College of Software, Jilin University, Changchun 130000, PR China.
College of Software, Jilin University, Changchun 130000, PR China; College of Computer Science and Technology, Jilin University, Jilin 130000, PR China.
Methods. 2022 Aug;204:368-375. doi: 10.1016/j.ymeth.2022.04.004. Epub 2022 Apr 28.
Access to RNA secondary structure is a prerequisite for understanding and mastering RNA function. RNA secondary structures play an important role in cells, they can cause or contribute to neurological disorders and can be applied in the medical field. However, the experimental method to obtain RNA secondary structure is costly, laborious and not universal. Although computational methods can predict RNA secondary structure more accurately for short-sequence RNAs, it cannot predict long-sequence RNAs and pseudoknot, which is the bottleneck of RNA secondary structure prediction at present. In recent years, researchers have attempted to use deep learning algorithms to predict RNA secondary structure and have achieved results.
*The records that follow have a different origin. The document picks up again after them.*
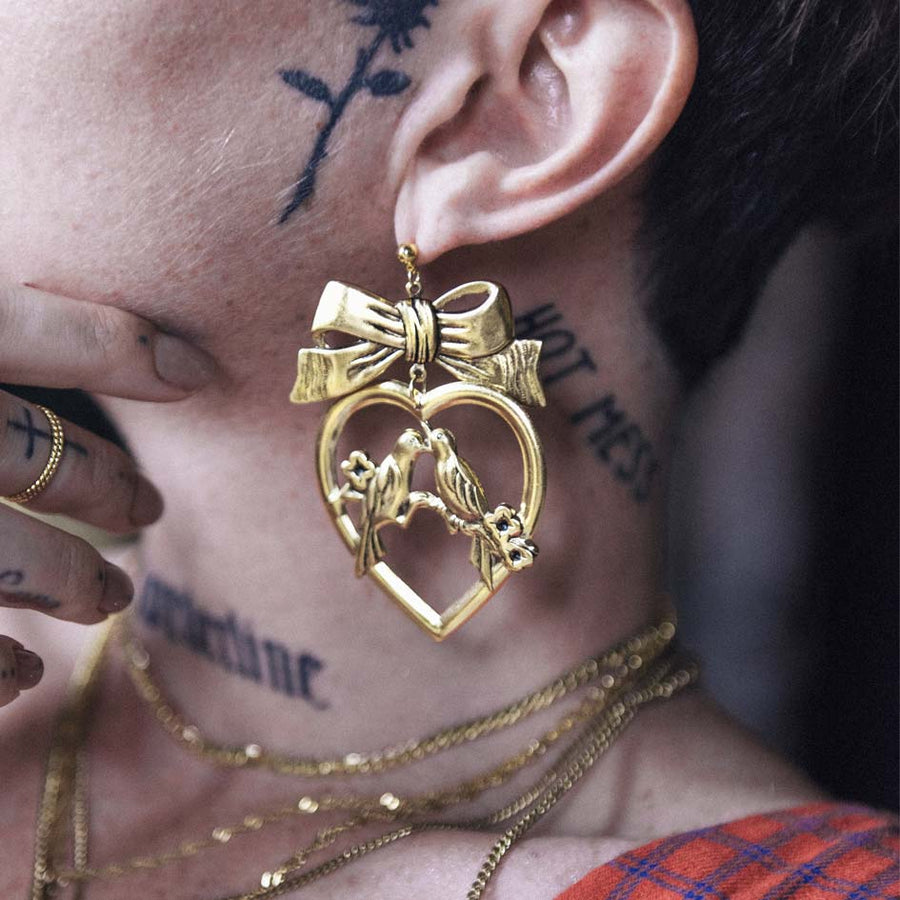 LOVEBIRDS. Heart & Bow Earrings - Gold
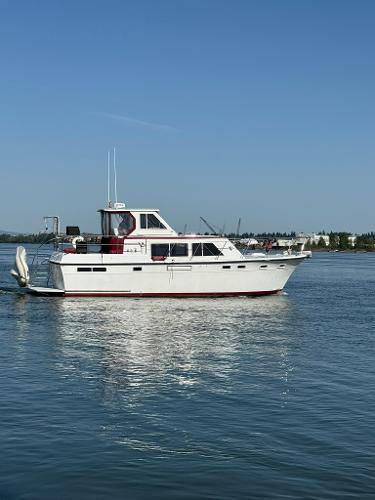 Hatteras 38 Double Cabin
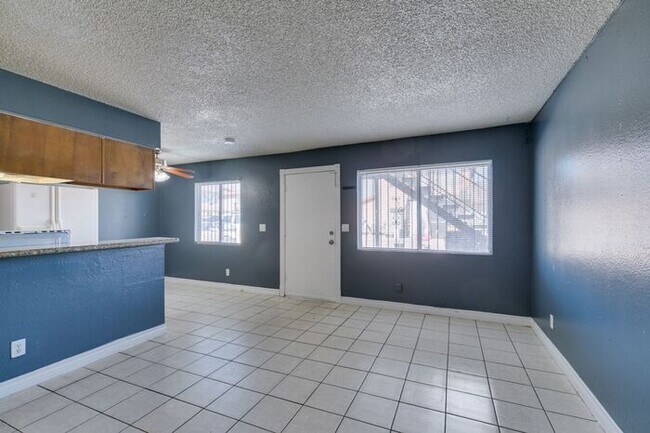 Building Photo - Charming 2-Bedroom Unit AVAILABLE NOW!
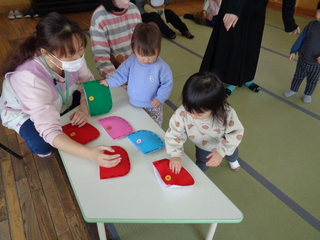 子どもたちが不思議なポケットを選んでいる写真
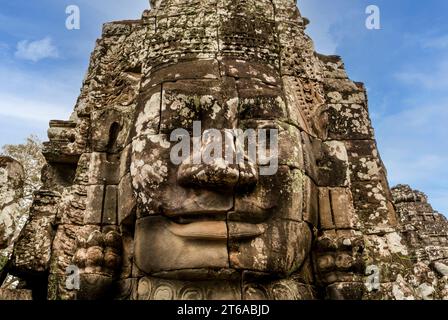 Extérieur du temple du Bayon aux visages gargantuesques, Angkor Thom, Angkor, Cambodge, Asie Banque D'Images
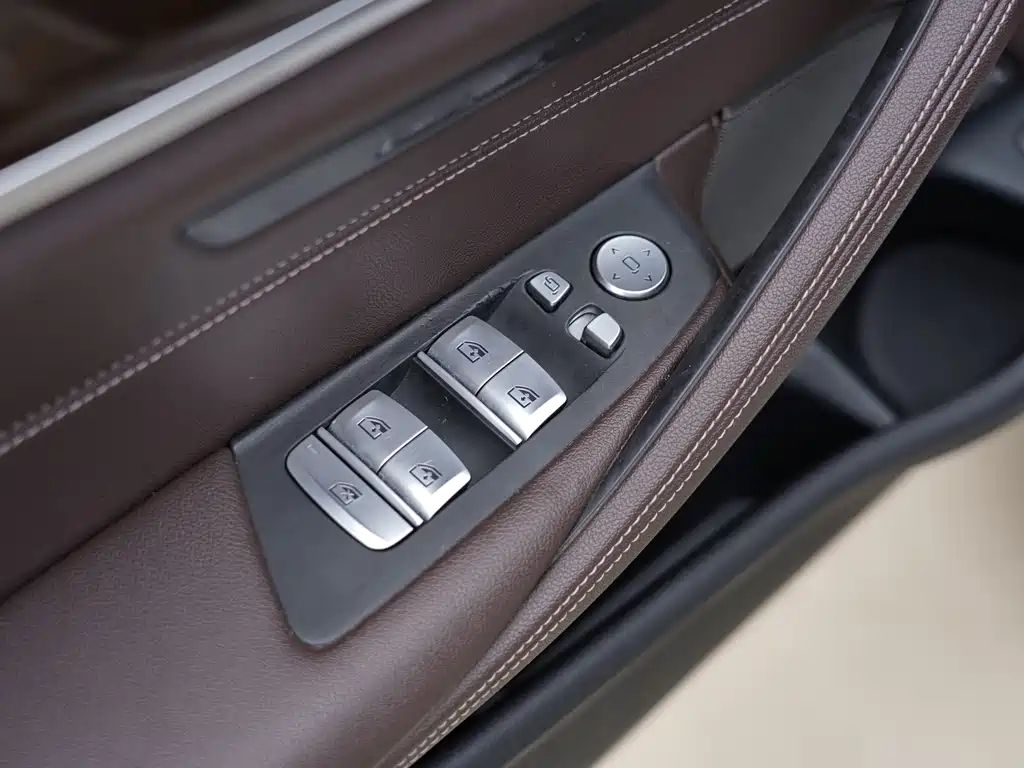 BMW 5 Series 2020 — фото 16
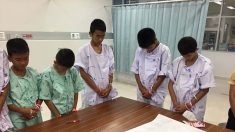 Enfants sauvés en Thaïlande : ils fondent en larmes devant l’image du sauveteur qui a donné sa vie pour eux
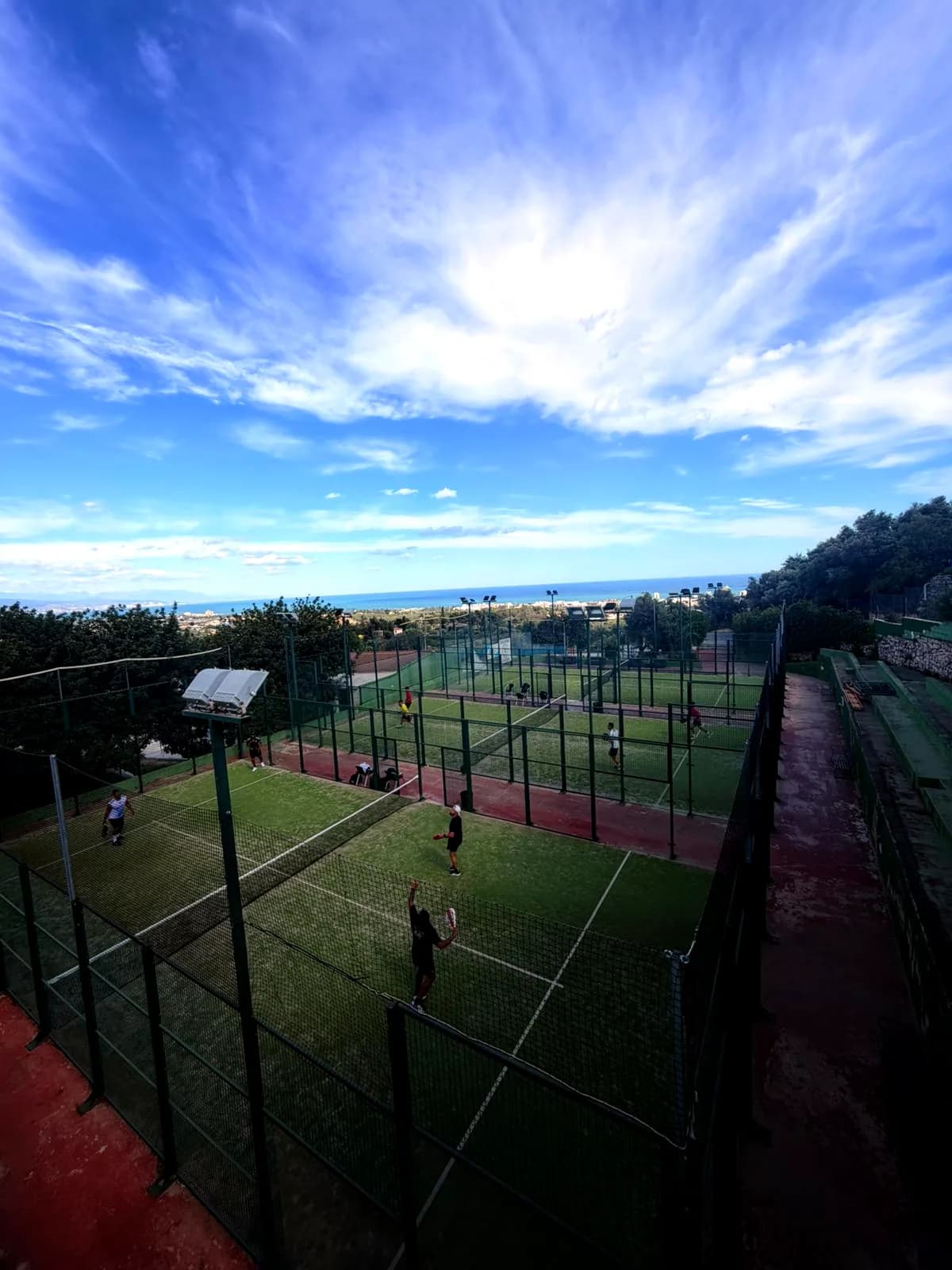Pistas de pádel de Ático Pádel con vistas a la Costa del Sol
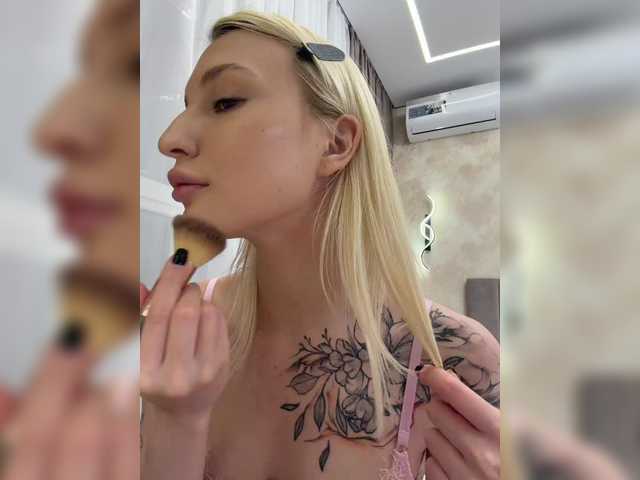 EwaBrown's BongaCams profile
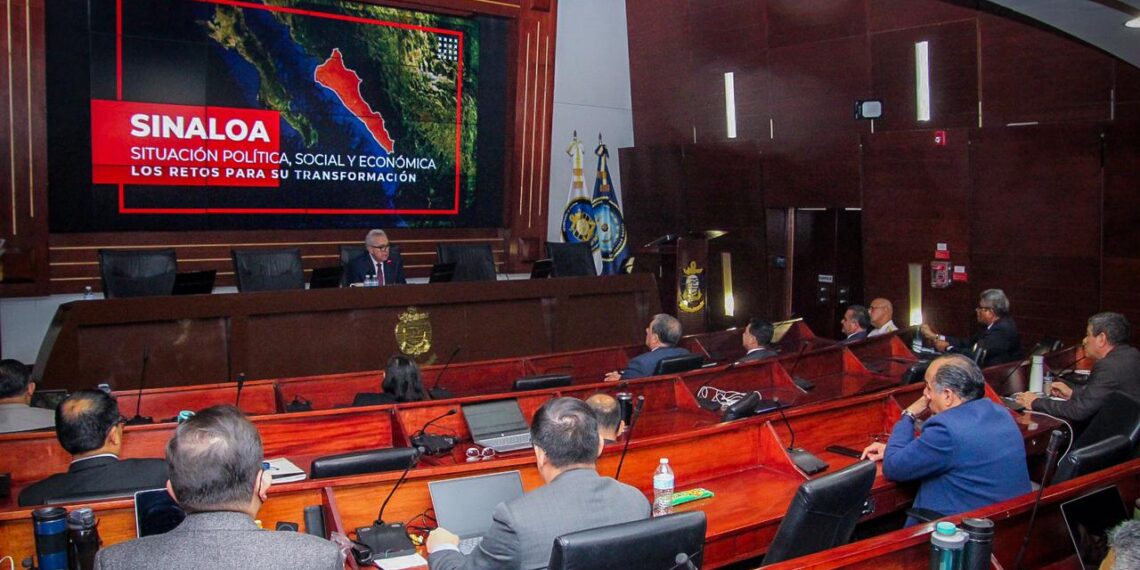 Gobernador Rocha Moya imparte conferencia magistral en el Centro de Estudios Superiores Navales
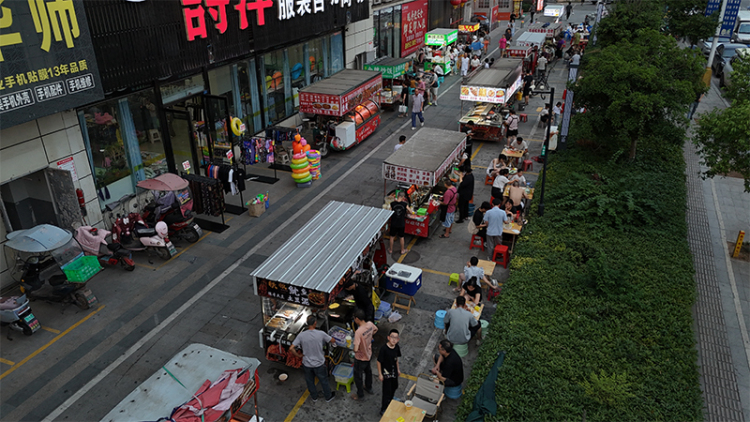 雁江看“变”｜民生温度·夜经济：城市治理点亮市井烟火_fororder_图片-1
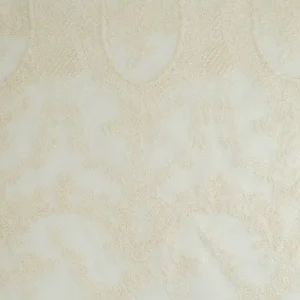 Tule branco bordado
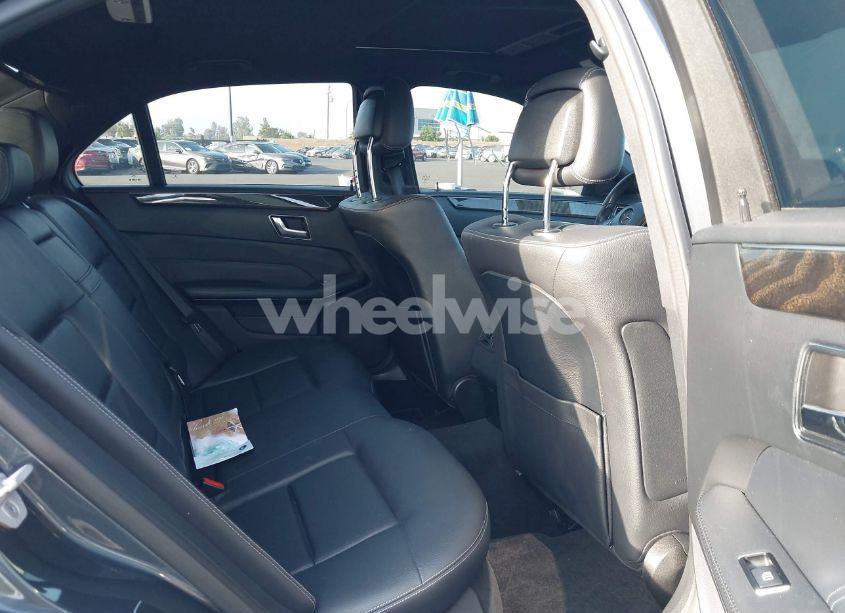 Photo 8 of 2014 Mercedes-benz E 350 (VIN WDDHF5KBXEB072371)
However, the small amount of data on the secondary structure of long-sequence RNAs leads to the low accuracy of deep learning methods to predict the secondary structure of RNAs across races. Similarly, RNA structure with pseudoknot is very complex and insufficient data caused the deep learning algorithm to struggle to predict the secondary structure of RNA containing pseudoknots. The RNA data are encoded into grayscale images by a unique encoding method based on the real RNA secondary structure and sequence information. Then, this paper reasonably expands the image data to increase the amount of RNA data, solves the problem of insufficient data for predicting long sequences and RNA secondary structure with pseudoknots in current deep learning methods, and provides a good data foundation for deep learning.The article proposes a multi-scale feature fusion Conditional Deep Convolutional Generative Adversarial Network prediction model (MSFF-CDCGAN) based on the improved Conditional Deep Convolutional Generative Adversarial Network (CDCGAN) model to predict RNA secondary structure. The experimental results showed that the MSFF-CDCGAN model could predict long-sequence RNAs and pseudoknots more accurately than traditional prediction methods. This paper introduces Generative Adversarial Network (GAN) to RNA secondary structure prediction for the first time. It uses a unique image encoding approach to expand the original RNA data set, thus transforming the structure prediction problem into an image analysis problem and effectively solving the bottleneck in RNA secondary structure prediction.
获取 RNA 二级结构是理解和掌握 RNA 功能的前提。RNA 二级结构在细胞中起着重要的作用,它们可以导致或促成神经紊乱,并可以在医学领域得到应用。然而,获得 RNA 二级结构的实验方法既昂贵又费力,而且不具有普遍性。尽管计算方法可以更准确地预测短序列 RNA 的二级结构,但它不能预测长序列 RNA 和假结,这是当前 RNA 二级结构预测的瓶颈。近年来,研究人员尝试使用深度学习算法来预测 RNA 二级结构,并取得了成果。然而,长序列 RNA 二级结构的数据量较少,导致深度学习方法对跨种族 RNA 二级结构预测的准确性较低。同样,具有假结的 RNA 结构非常复杂,数据不足导致深度学习算法难以预测含有假结的 RNA 的二级结构。通过一种基于真实 RNA 二级结构和序列信息的独特编码方法,将 RNA 数据编码为灰度图像。然后,本文合理地扩展了图像数据,增加了 RNA 数据量,解决了当前深度学习方法中预测长序列和具有假结的 RNA 二级结构数据不足的问题,为深度学习提供了良好的数据基础。本文提出了一种基于改进的条件深度卷积生成对抗网络(CDCGAN)模型的多尺度特征融合条件深度卷积生成对抗网络预测模型(MSFF-CDCGAN),用于预测 RNA 二级结构。实验结果表明,MSFF-CDCGAN 模型比传统预测方法更能准确地预测长序列和假结。本文首次将生成对抗网络(GAN)引入到 RNA 二级结构预测中,它采用独特的图像编码方法来扩展原始的 RNA 数据集,从而将结构预测问题转化为图像分析问题,有效地解决了 RNA 二级结构预测的瓶颈问题。